# C6 wheels on the GOAT?



## gtogooch (Dec 12, 2009)

I have seen quite a few threads about standard wheels not fitting the GTOs. I need someone to tell me wether or not its worth trying to fit my C6 Wheels (that are on my 92 camaro at this moment) on my GTO. The fronts are 18.5x9.5 and the rears are 19x10s. Any info would help. I have heard that the height is not an issue but more the depth and offset. I have 2" spacers on the camaro right now to make the wheels fit. Thanks in advance.


----------



## jpalamar (Jul 22, 2008)

You have 2" spacers?!!!!?


----------



## GM4life (Mar 18, 2007)

Yeah the height is not a big issue. The offset and the width, mostly the front would be the issue. I didn't know the bolt patterns were the same. The GTO have 5x120.


----------



## gtogooch (Dec 12, 2009)

Im just going by some of the threads I have seen on here with peoples responses. The vette wheels are 4-3/4 which is like 124mm. Ive seen guys say they have vette wheels on there GTOs and said they dont have any vibration. I am just going by what people on here are saying, I'm not dumb. I know what is what I am just trying to see if anyone has tried it. I know its going to be tight and yes the camaro has 2" spacers on it.
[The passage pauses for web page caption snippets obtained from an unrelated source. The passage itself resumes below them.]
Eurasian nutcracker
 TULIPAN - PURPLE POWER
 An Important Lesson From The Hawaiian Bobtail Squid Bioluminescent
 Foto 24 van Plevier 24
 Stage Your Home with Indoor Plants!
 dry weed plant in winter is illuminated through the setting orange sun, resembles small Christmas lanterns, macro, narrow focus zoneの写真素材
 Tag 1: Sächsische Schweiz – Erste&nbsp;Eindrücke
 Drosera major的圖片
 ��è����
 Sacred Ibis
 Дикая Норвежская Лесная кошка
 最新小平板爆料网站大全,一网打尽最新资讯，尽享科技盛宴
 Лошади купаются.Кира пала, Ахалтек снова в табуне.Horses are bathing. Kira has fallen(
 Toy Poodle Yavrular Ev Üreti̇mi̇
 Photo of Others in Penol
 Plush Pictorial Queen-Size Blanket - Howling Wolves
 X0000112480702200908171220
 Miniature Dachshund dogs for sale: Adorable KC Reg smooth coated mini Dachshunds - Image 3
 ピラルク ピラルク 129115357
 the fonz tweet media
The wheels fit nice and neat.


----------



## heyman (Jan 15, 2010)

Just cause they bolt on, doesn't mean they fit, Bolt pattern is 5x120 on the 04 to 06 GTO, 5x120.65 or .7 depending on source, with the taper lug, yeah they go on, but you are stressing the studs, good idea, NO


----------



## svede1212 (Nov 1, 2005)

The biggest problem I've seen with wheels not made for our car is the hub size. Our wheels are mounted on the hub (hub centric) so the studs aren't bearing the weight of the car and most wheels I've seen have a different hub cavity. BTW offset and back spacing are two different measurements and 4 3/4" are about right.


----------



## gtogooch (Dec 12, 2009)

My guess is that its more hassle than what its worth. They would look awesome, but I would feel safer for me and the car If I didnt do it. Thanks for the info guys.:seeya


----------